Harpner zuckte mit den Schultern, zog eine Karte aus seinem Gürtel und begann, sie zu studieren.
„Wie steht es mit der Evakuierung?“
„Alle Einwohner, die wollten, haben wir nach Süden geschickt“, sagte Harpner, ohne den Blick von der Karte abzuwenden. „Die anderen wurden angewiesen, sich vor dem Rathaus zu versammeln.“
„Sehr gut.“ Karkaday wandte sich nun an beide. „Gibt es Ihrer Meinung sonst noch etwas, das wir tun können meine Herren?“
Harpner und Octavius sahen sich an. „Nein, Sire“, sagte Octavius. „Nach meiner Einschätzung nicht.“
Karkaday nickte grimmig. „Dann lassen wir sie kommen.“
Vokrash saß auf einem Baumstumpf und streichelte nachdenklich seinen Warg, der neben ihm auf der Erde lag und döste. Er hatte auf einem Hügel, auf dem ein paar Tannen wuchsen Quartier bezogen. Von hier hatte er einen guten Blick auf die Stadt Greifental, die das nächste Ziel der Horde darstellte. Vokrash hatte die Stadt schon mit einem gestohlenen Fernrohr untersucht, wollte allerdings noch auf die Einschätzung der Späher warten.
Am Fuße des Hügels tauchte Skirrak aus der Menge der wartenden Krieger auf und kletterte den Hügel empor.

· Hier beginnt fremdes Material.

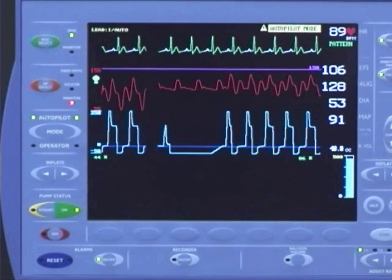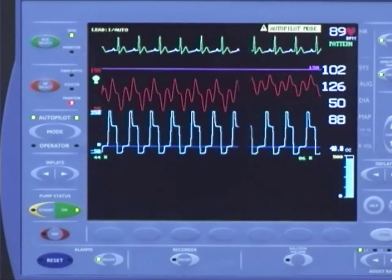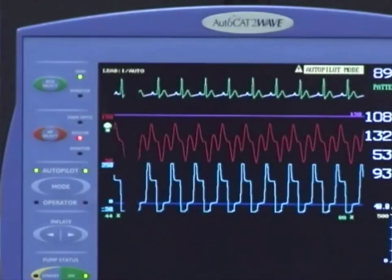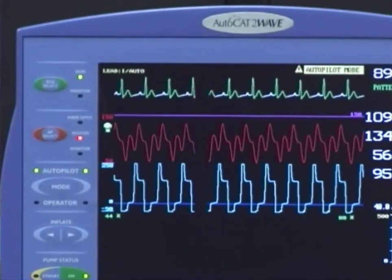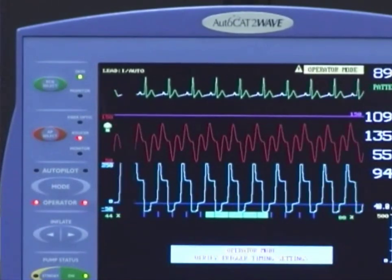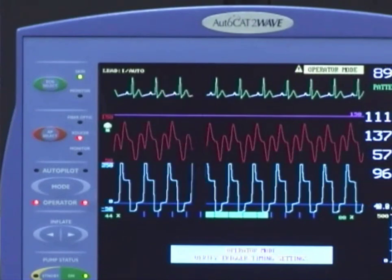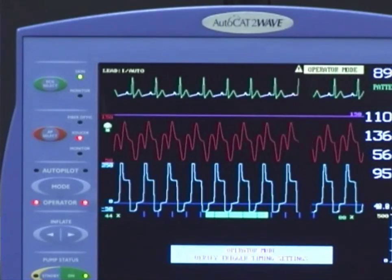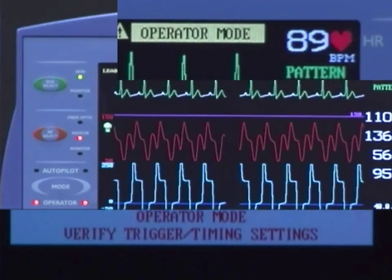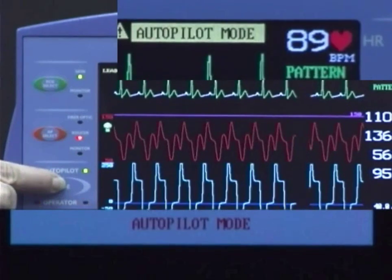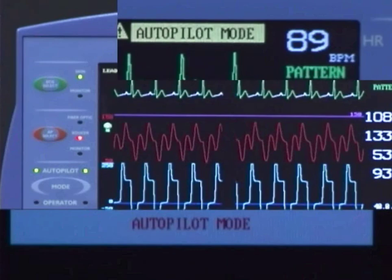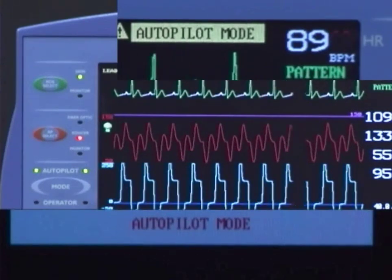Pumping begins at full volume, and timing is optimized automatically without user intervention for maximum patient support. While AutoPilot mode allows for worry-free, precise pumping of your patient, at any time during the course of therapy you can take control of the pump by selecting Operator mode. When Operator is selected, the LEDs by Operator will be illuminated and Operator will be displayed on the screen. When AutoPilot is selected, the LEDs by AutoPilot will be illuminated and AutoPilot will be displayed on the screen.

„Ich höre“, knurrte Vokrash.
„Die Stadt ist gut befestigt“, sagte Skirrak. „Besser als diese andere Festung.“
„Wie ist sie verteidigt?“
„Hohe Wälle, viele Bogenschützen, quasi der komplette Wall ist besetzt. Wir kommen höchstens mit Leitern hoch, aber das wird nicht einfach.“
„Vorschläge?“
„Wir können zuerst ihre Reihen ausdünnen, bevor wir Leitern an den Wall setzen“, sagte Skirrak. „Aber hohe Verluste werden wir so oder so hinnehmen müssen.“
„Gut gemacht, Skirrak. Schick mir die Häuptlings hier hoch.“
Skirrak verbeugte sich und rannte den Hügel herunter.

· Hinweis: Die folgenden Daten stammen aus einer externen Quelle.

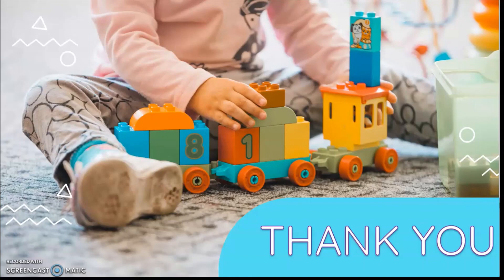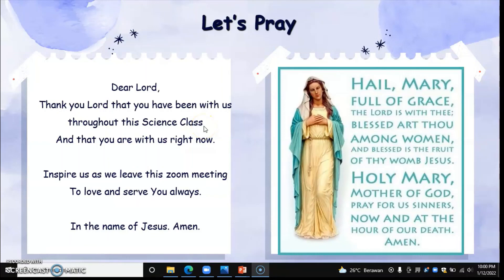Before we go, let's close with a prayer. In the name of the Father, and of the Son, and the Holy Spirit, Amen. Dear Lord, thank you that you have been with us throughout the science class and that you are with us right now. Inspire us as we leave this meeting to love and serve you always. In the name of Jesus, Amen. Hail Mary, full of grace, the Lord is with you. Blessed are you among women, and blessed is the fruit of your womb, Jesus. Holy Mary, Mother of God, pray for us sinners now and at the hour of our death. Amen. In the name of the Father, and of the Son, the Holy Spirit, Amen. See you next week — have a good day, bye bye!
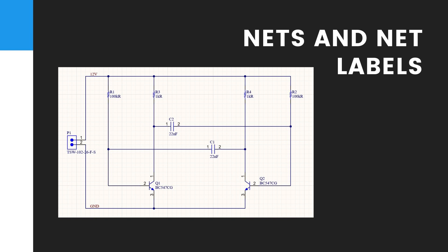Now, to make it easy to identify important nets in the design, you can add net labels to assign names. For the multi-vibrator circuit, you will label the 12V and GND nets in the circuit as shown in this image.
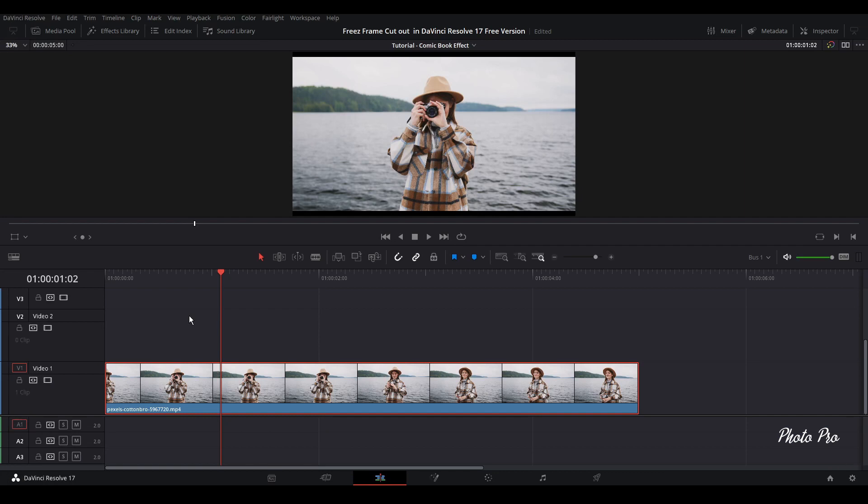Welcome to another tutorial in DaVinci Resolve 17. Today, I'm going to show you how to do freeze frame cutout in DaVinci Resolve 17 in the free version, of course.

Es war dunkel geworden und die Horde hatte Fackeln angezündet. Unzählige Lichtpunkte, und jeder für sich bedrohlich, bewegten sich jetzt auf Greifental zu. Karkaday hatte an der Seite Harpners auf dem Torhaus Stellung bezogen. Mit verschränkten Armen stand er vor einem Falkenbanner, dass er am Tor hatte befestigen lassen. Wie der Kampf auch ausgehen mochte, sie würden den Orks einen würdigen Kampf liefern.
Die Horde marschierte ihn geordneten Reihen auf die Stadtmauer zu, was Karkaday verwunderte, denn derartige Disziplin hätte er ihr nicht unbedingt zugetraut. Jemand brüllte einen Befehl. Augenblicklich blieb die Horde stehen und die erste Reihe hob ihre Schilde.
„Lasst sie noch ein Stück herankommen“, sagte Karkaday laut. „Schickt ihnen auf meinen Befehl einen Pfeilhagel.“
Überall auf der Mauer wurden Bögen und Armbrüste gespannt. Karkaday zog sein Schwert.
Ein weiterer Befehl aus der Horde und die Orks bewegten sich langsam auf den Wall zu.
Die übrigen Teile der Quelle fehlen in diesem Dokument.